AN ILLEGAL immigrant helped to cultivate £22,000 worth of cannabis to pay back the smugglers who got him into the country in the back of a lorry.

Ymeer Zyiali was arrested when officers found a cannabis farm inside a home on John Street, Church, in November while responding to reports of a fight.

Every room bar one inside the property had been configurated for the production of cannabis, with 55 plants with a total street value of £22,000 found inside the house. Zyiali was found in the one remaining room, which had been set aside as living quarters.

Preston Crown Court heard how the 26-year-old found himself £14,000 in debt after he was smuggled into the country from Albania in a lorry.

When he first arrived in the country he had secured ‘crime-free’ employment, his barrister David Farley said.

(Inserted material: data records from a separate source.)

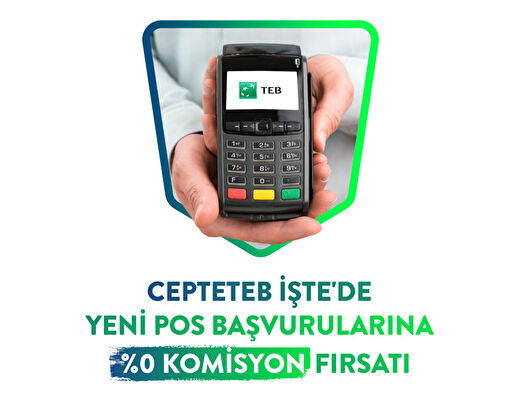 Yeni Pos Başvurularınıza Özel %0 Komisyon Avantajı! Yeni Pos Başvurularınıza Özel %0 Komisyon Avantajı!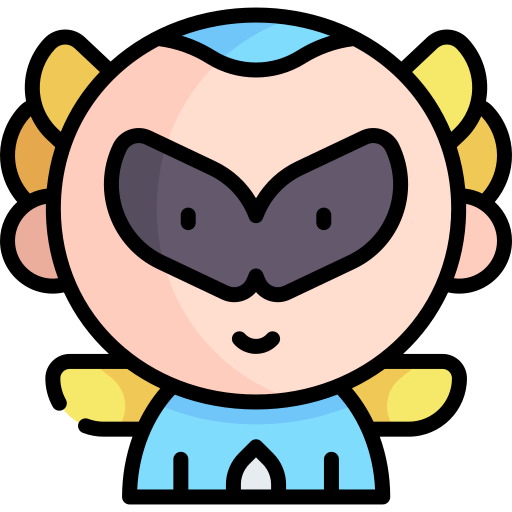 superbohater Kawaii Lineal color ikona
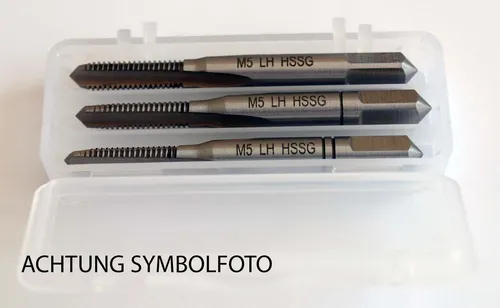 Hand-Gewindebohrer Set Satz (3Stk) M6x1,0 HSS DIN352 Links Linksgewinde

He added: “He lost that job and was without any form of income when he was offered the job that he finds himself before the court for doing.

“He is frank. He knew it was not legal, but he was desperate, so he took the job. He had not been there very long before the police arrived.

“He was a cleaner and a waterer of the plants for a subsistence wage and again to pay off his debt.”

It was heard how Zylali 'had an awareness and understanding' of the scale of the operation but held a lower role in the hierarchy due to him having no influence over those above him in the chain.

Jailing him for a total of 20 months, Judge Heather Lloyd said: “You came to this country illegally and you began to work in the black economy to pay your cousin for the transport. You say that was £14,000. I don’t know if you have a passport but if you did it would have been cheaper to catch a flight.

“When your job in construction fell through you were offered this employment in Church which you took knowing it was illegal and knowing the consequences should you be caught.

“It has been said on your behalf that you were a cleaner and you watered the plants and you told the police that you planted them also.

“The sentencing guidelines apply and a custodial sentence is inevitable. This is category two harm due to the quantity of drugs and the drugs that were seized were for that single occasion.

“The whole house had been taken over the production of drugs and you had been there for three months.

“Although your role was limited it was a trusted role for three months which is not an insignificant period. I take into account that you have no previous convictions in this country."